Without including any pictures, reproduce all the lines below word for word.

[Stored data]
- - -

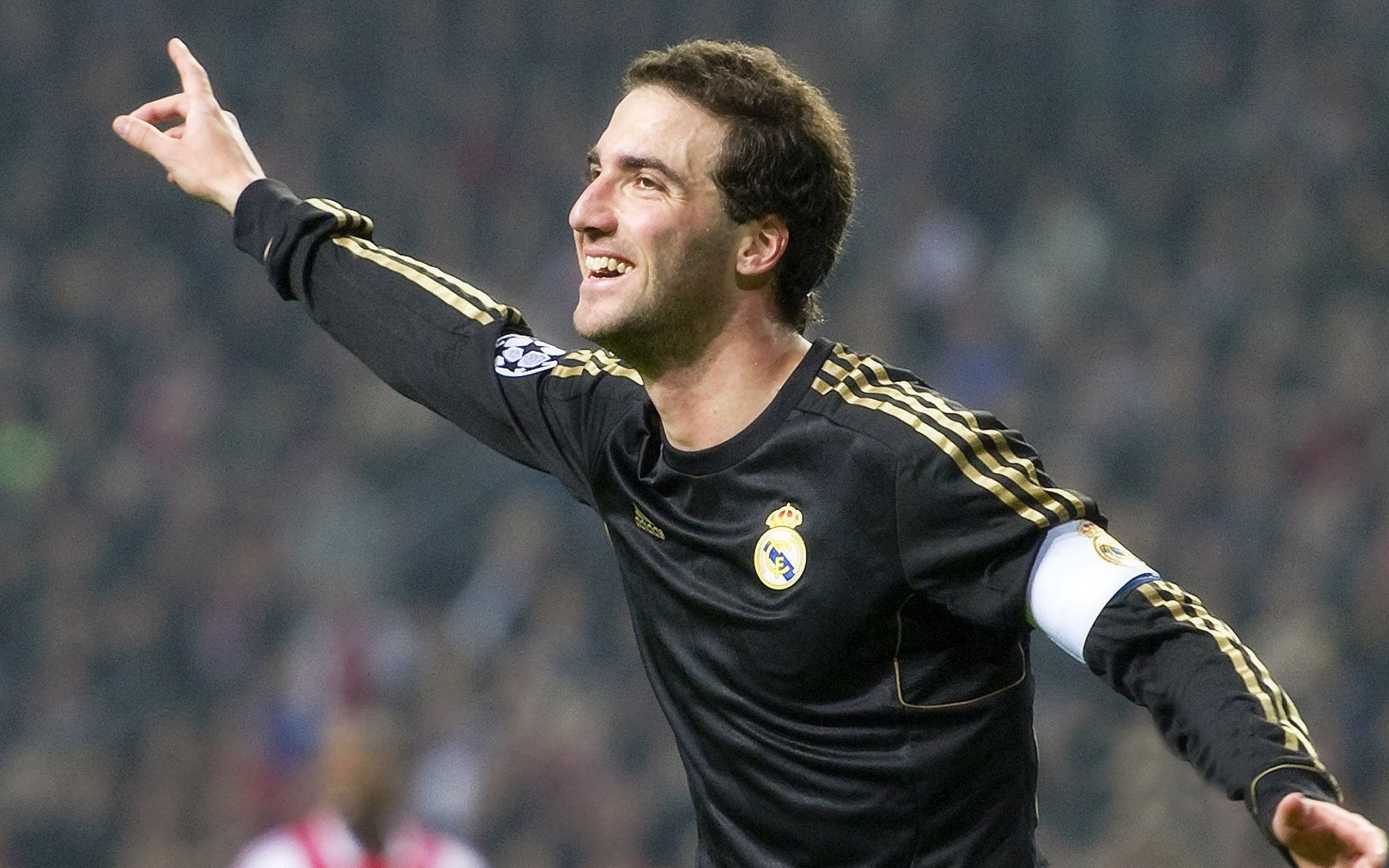 骑士主场大胜尼克斯，班凯罗关键表现定乾坤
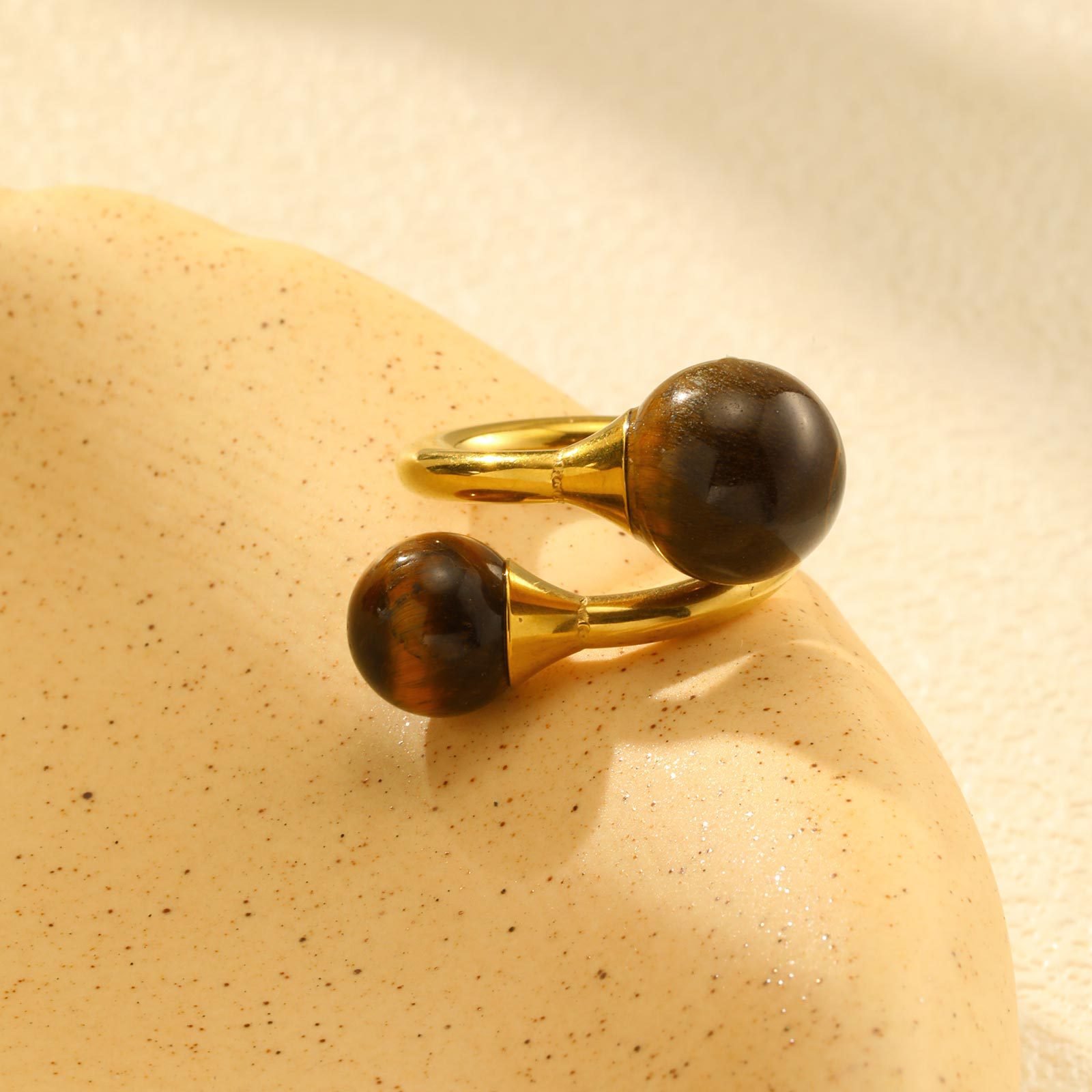 WR472 Golden Luxury Ring for Women — image 4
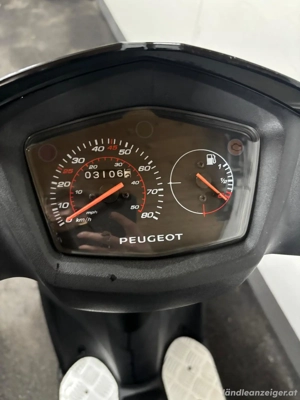 Peugeot Kissbee Roller ,,Black Edition'' + Helm Bild 5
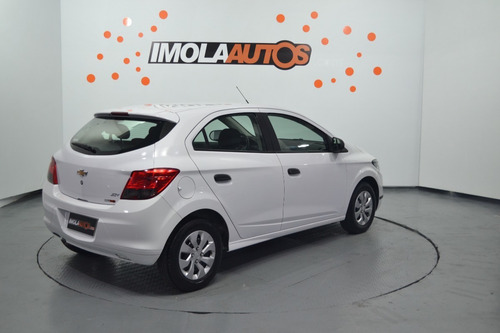Imagen 3 de 12 de Chevrolet Onix Joy 1.4 Ls Mt 2019-imolaautos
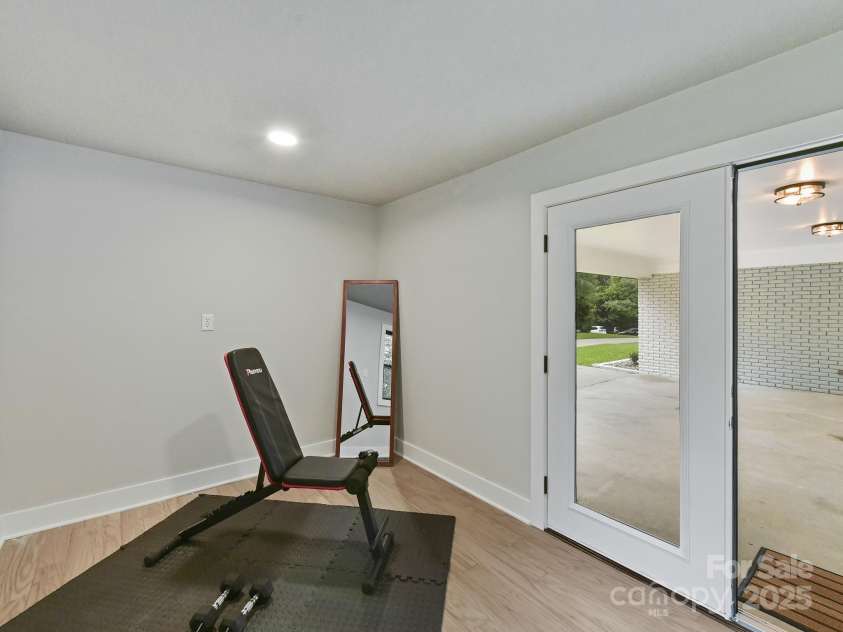 209 Falcon Drive, Concord, NC 28025.  MLS# CAR4291157, YatesRealty ID 34774.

- - -

▶ Solved problem:
 骑士主场大胜尼克斯，班凯罗关键表现定乾坤
 WR472 Golden Luxury Ring for Women — image 4
 Peugeot Kissbee Roller ,,Black Edition'' + Helm Bild 5
Imagen 3 de 12 de Chevrolet Onix Joy 1.4 Ls Mt 2019-imolaautos
 209 Falcon Drive, Concord, NC 28025.  MLS# CAR4291157, YatesRealty ID 34774.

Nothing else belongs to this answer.